EXERCISE DETAILS: Without including any pictures, copy every line below exactly.
Segment Start: RAW DATA
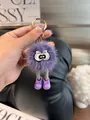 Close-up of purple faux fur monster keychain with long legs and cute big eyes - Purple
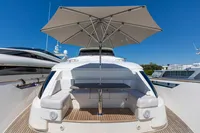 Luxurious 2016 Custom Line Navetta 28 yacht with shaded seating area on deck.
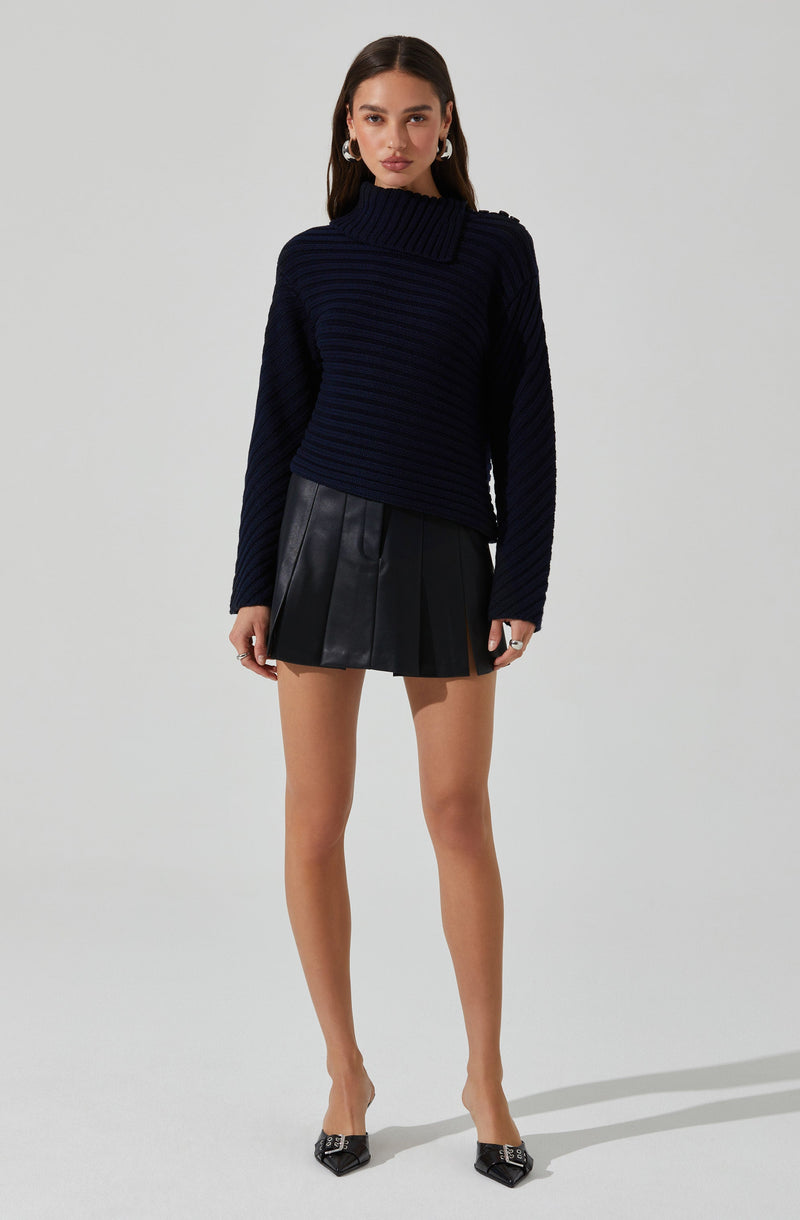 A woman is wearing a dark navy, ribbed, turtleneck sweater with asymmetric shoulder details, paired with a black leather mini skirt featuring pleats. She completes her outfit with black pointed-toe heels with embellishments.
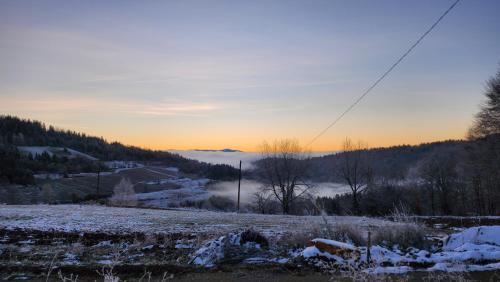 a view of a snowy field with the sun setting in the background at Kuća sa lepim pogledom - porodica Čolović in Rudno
Segment End: RAW DATA
REPLY:
 Close-up of purple faux fur monster keychain with long legs and cute big eyes - Purple
 Luxurious 2016 Custom Line Navetta 28 yacht with shaded seating area on deck.
 A woman is wearing a dark navy, ribbed, turtleneck sweater with asymmetric shoulder details, paired with a black leather mini skirt featuring pleats. She completes her outfit with black pointed-toe heels with embellishments.
 a view of a snowy field with the sun setting in the background at Kuća sa lepim pogledom - porodica Čolović in Rudno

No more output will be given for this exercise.